Extracted data entries:

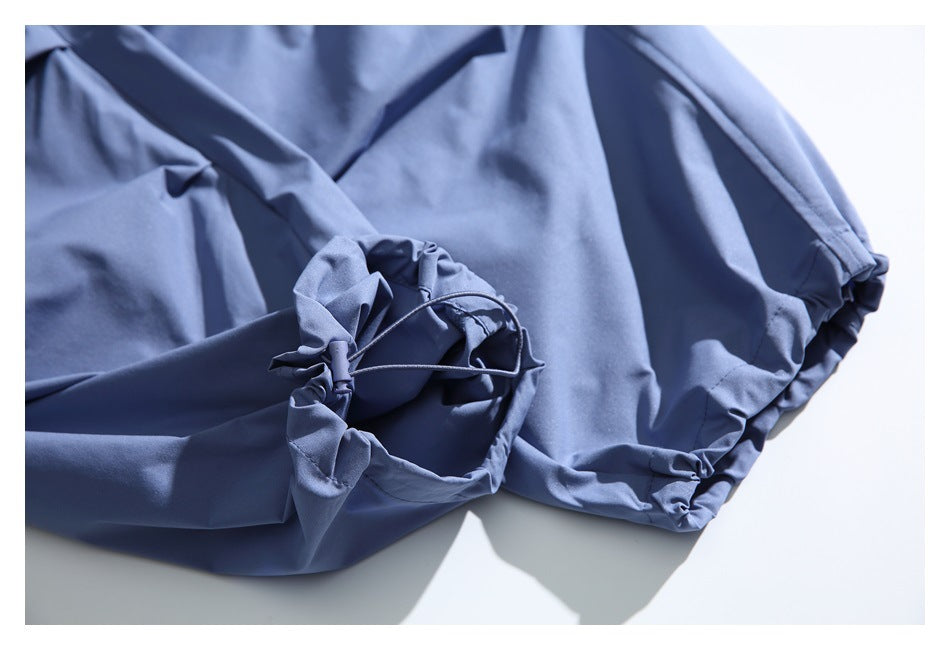 Blue garment detail showing a gathered opening with an adjustable drawcord.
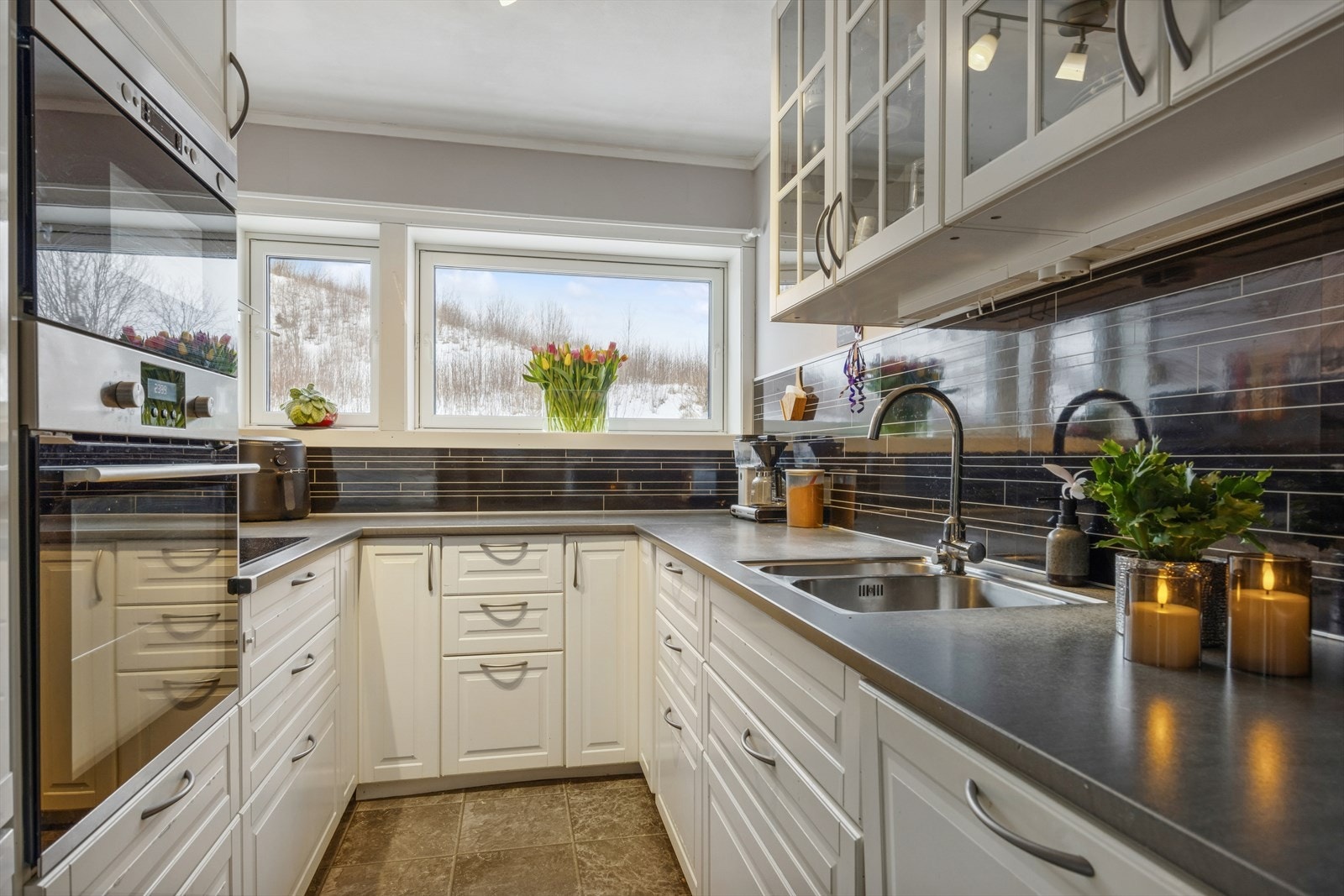 Kjøkkeninnredning med folierte skrog med profilerte fronter og laminert benkeplate. Galleribilde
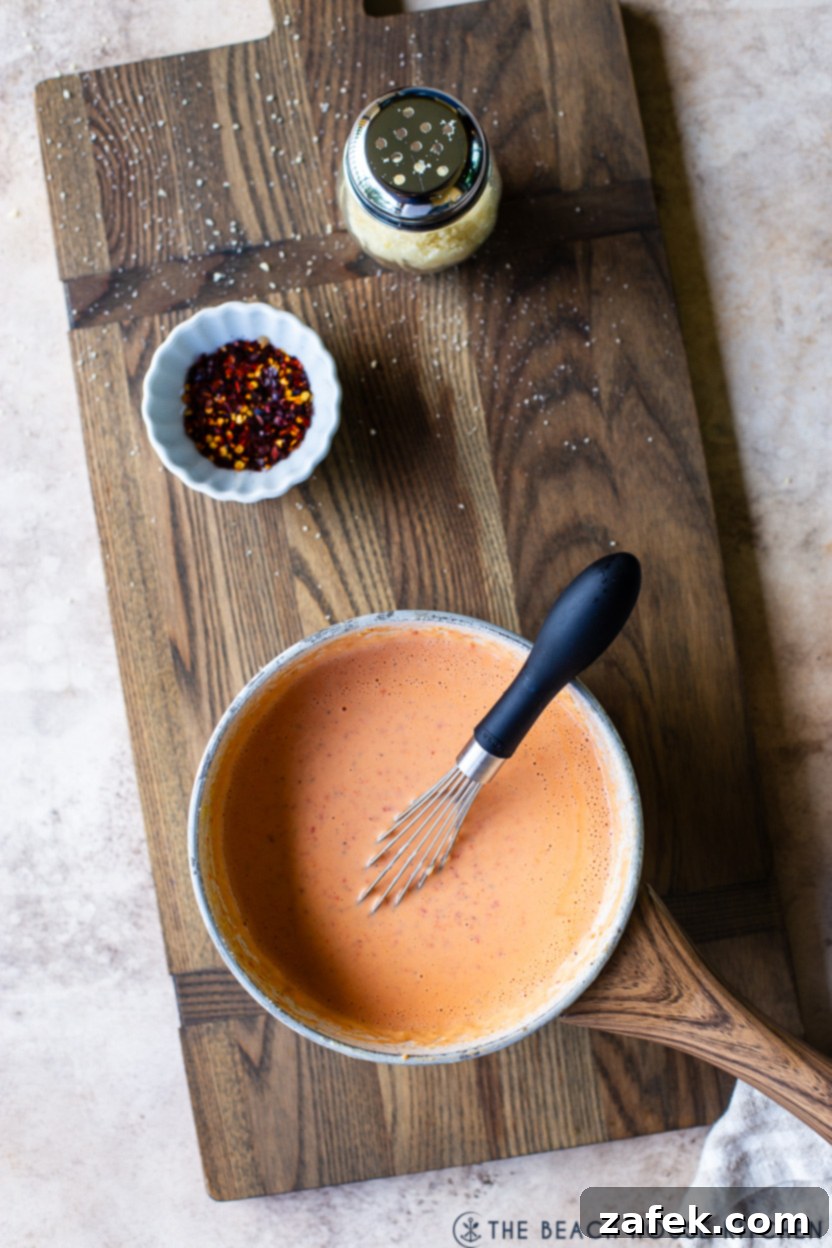 Overhead photo of a saucepan of roasted red pepper alfredo sauce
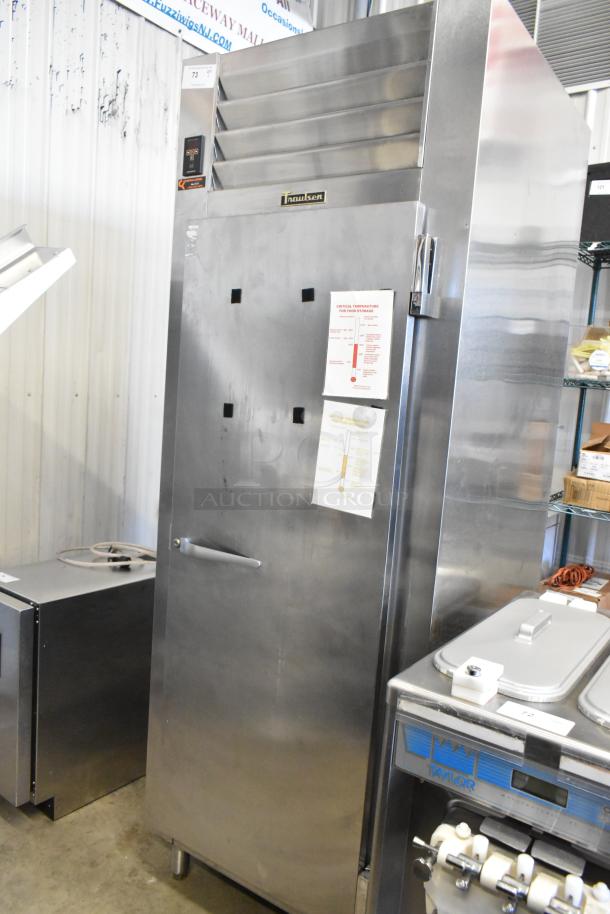 Traulsen RHT132WUT-FHS stainless steel commercial single door reach-in cooler, 115 volts, 1 phase, with temperature guide.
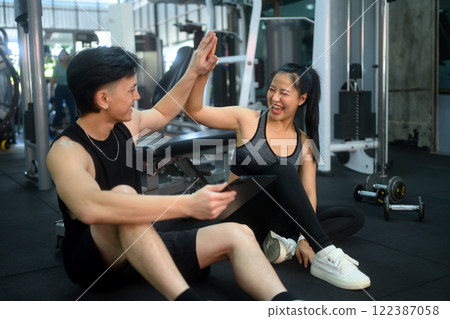 Fitness trainer and client giving each other high five after successful workout session 122387058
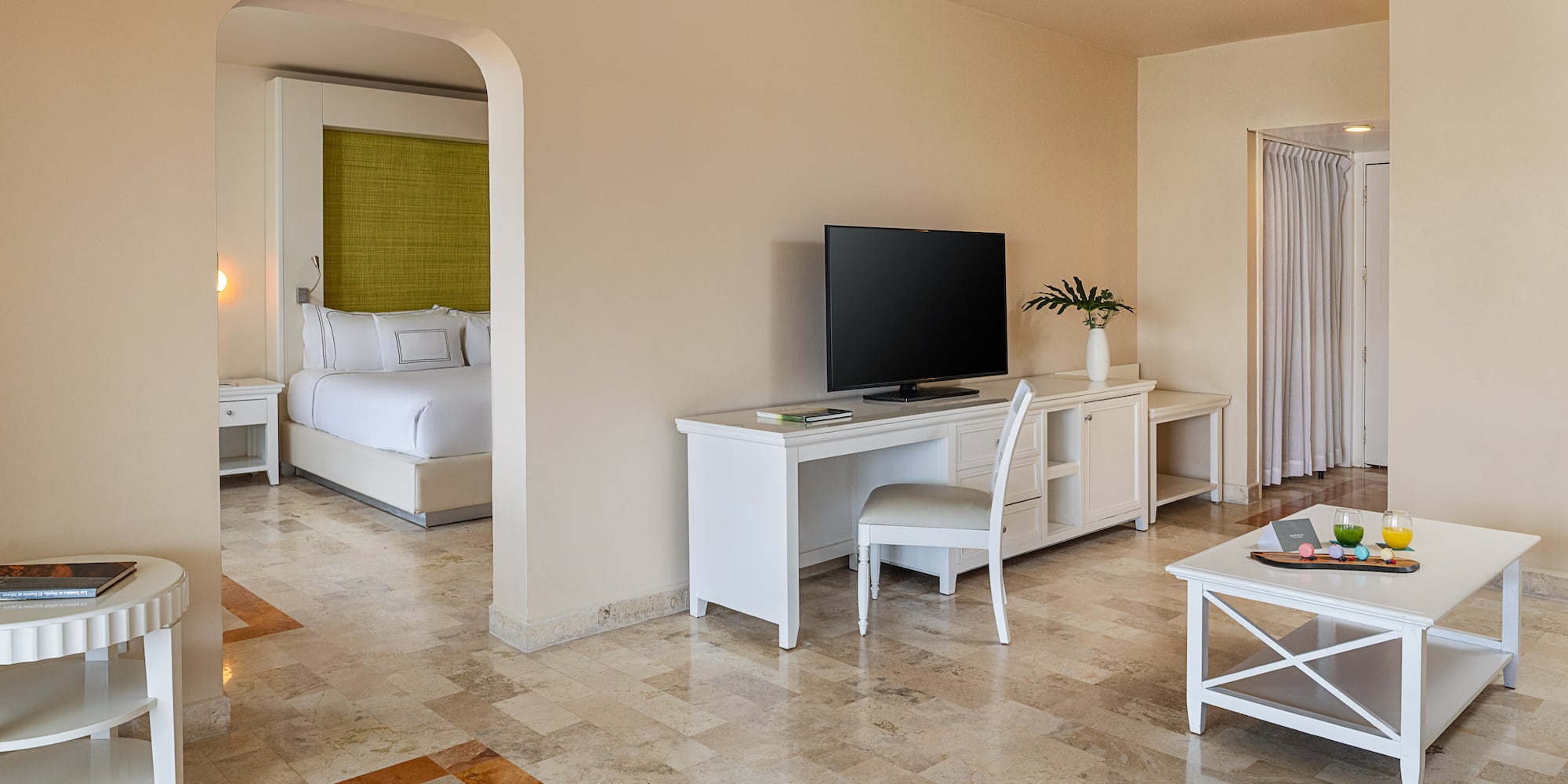 Bright hotel suite with living room, bedroom, TV, and modern tile floor.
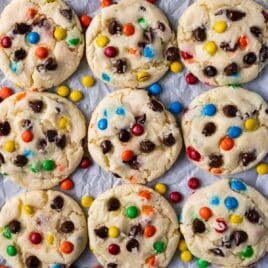 overhead view of m&m chocolate chip cookies on a table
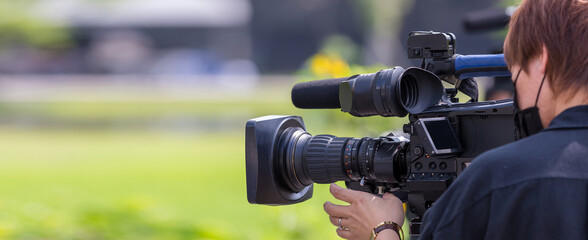 Video camera operator working with his equipment. video cinema production. Covering an event with a...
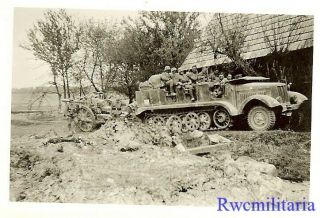 Wehrmacht Troops In Sdkfz Halftrack Towing 10.  5cm Artillery Gun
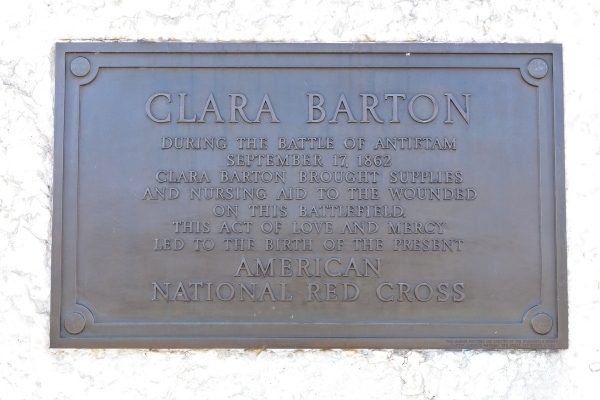 Metal plaque in a white stone memorial commemorating Clara Barton, founder of the American Red Cross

• **Work to be completed**:
Leaving the pictures out, write out every entry exactly.

• **Answer for the task**:
 Blue garment detail showing a gathered opening with an adjustable drawcord.
 Kjøkkeninnredning med folierte skrog med profilerte fronter og laminert benkeplate. Galleribilde
 Overhead photo of a saucepan of roasted red pepper alfredo sauce
 Traulsen RHT132WUT-FHS stainless steel commercial single door reach-in cooler, 115 volts, 1 phase, with temperature guide.
 Fitness trainer and client giving each other high five after successful workout session 122387058
 Bright hotel suite with living room, bedroom, TV, and modern tile floor.
 overhead view of m&m chocolate chip cookies on a table
 Video camera operator working with his equipment. video cinema production. Covering an event with a...
 Wehrmacht Troops In Sdkfz Halftrack Towing 10.  5cm Artillery Gun
 Metal plaque in a white stone memorial commemorating Clara Barton, founder of the American Red Cross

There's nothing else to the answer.